Dat is het gevaar van te veel machtsgebruik en van het gebruiken van macht in het kader van het willen beheersen van het gedrag. 'Beheersen' en' dialoog' gaan niet samen maar staan haaks op elkaar.

Als de groepsleider zijn functie opvat als 'gedrag beheersen " dan kan hij zijn functie slechts vervullen door óf perfect te beheersen door voortdurend en veelvuldig machtsgebruik, óf door de lastige bewoners over te plaatsen naar collega' s elders of maar weer naar de ouders.
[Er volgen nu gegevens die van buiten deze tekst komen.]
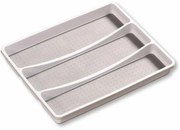 Kesper 30094 Cutie din plastic pentru tacâmuri, 3compartimente, albă, 40,5 x 32,5 x 4,5 cm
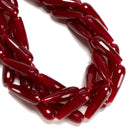 Dark Red Color Dyed Jade Faceted Teardrop Beads Size 10x30mm 15.5" Strand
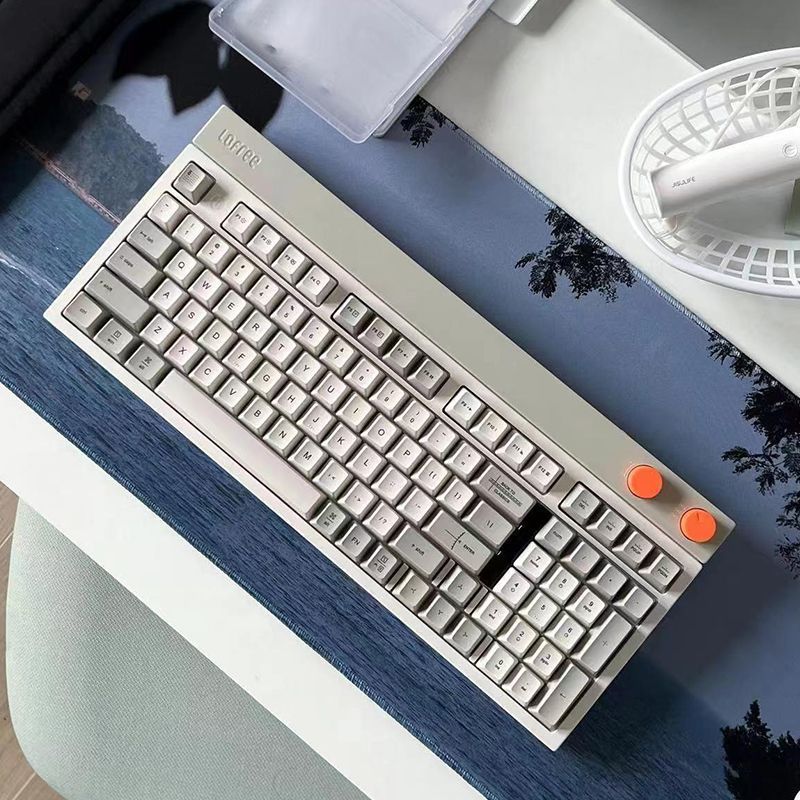 LOFREE Small Square Mechanical Keyboard 98-Key Three-Mode Hot Plug Retro Office Ultra-Light Wireless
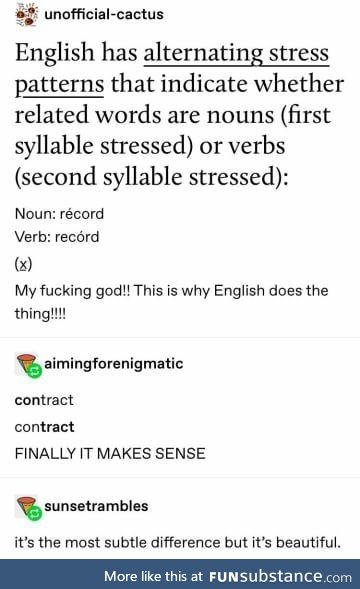 English alternating stress patterns for nouns vs verbs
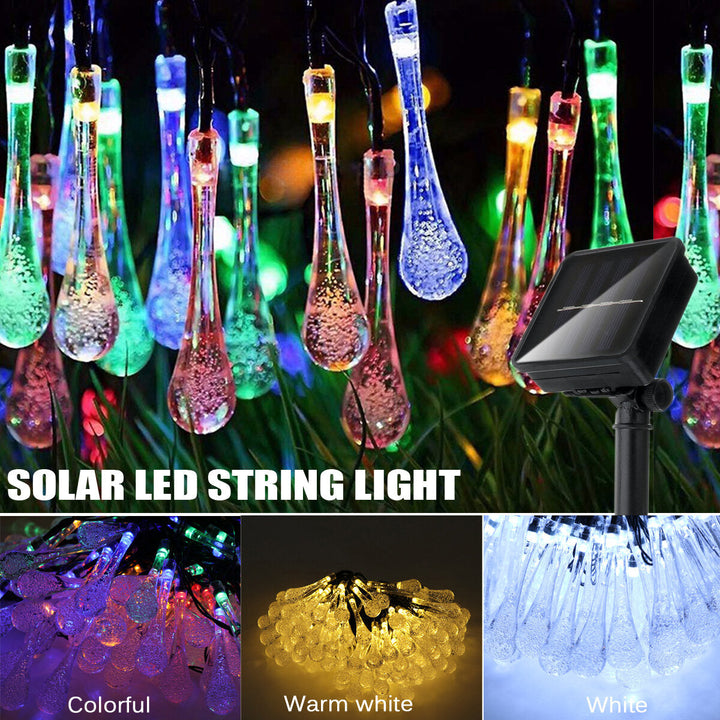 32FT 10M 100LED Solar Water Drop Fairy String Light Outdoor Garden Party Christmas Lawn Lamp Decor Image 4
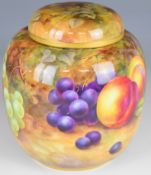 Royal Worcester painted fruit ginger jar and cover decorated with peaches, grapes, apples,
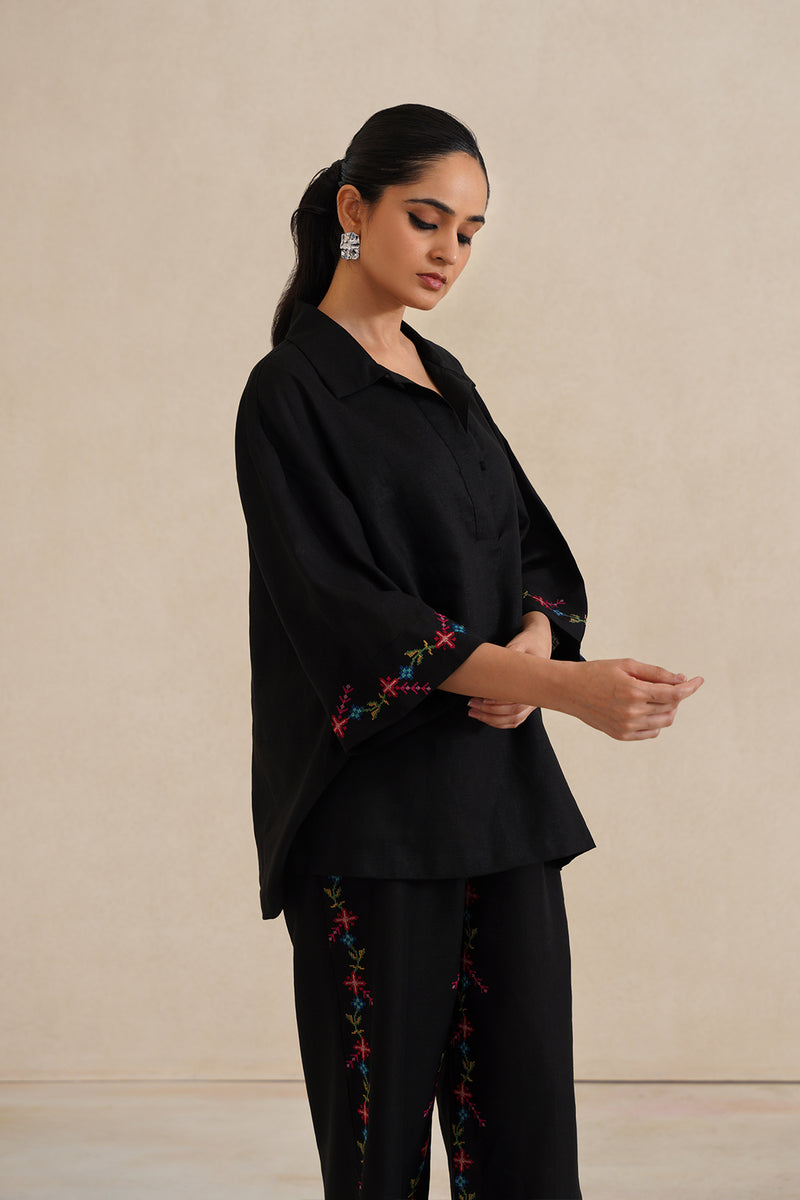 Mehak Black Cross Stitch Co-ord Set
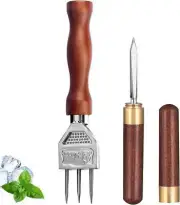 Ice Pick Set of 2 Three Pronged Ice Pick Stainless Steel Ice Pick with Wood H...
Maar tehuisbewoners wáren al eens overgeplaatst, van gezin naar tehuis of van tehuis naar tehuis, waar men zou moeten weten te handelen waar anderen het niet meer wisten.

Er is mijns inziens geen andere keuze redelijk dan deze: blijven proberen contact te leggen inclusief de schaduwkant en slechts hiertoe en slechts in die mate macht gebruiken. Dus: te interpreteren en te denken in termen van 'handelen' en 'persoon' en niet in termen van 'ongewenst of gestoord gedrag'.

Het handelen van de groepsleiding zou dan niet gericht moeten zijn op het 'gedrag beheersen', noch op het 'conflict ontwijken', maar op het 'persoon ontmoeten'. Deze handelwijze staat dan ook centraal in de methodiek die in het volgende en laatste hoofdstuk gepresenteerd wordt.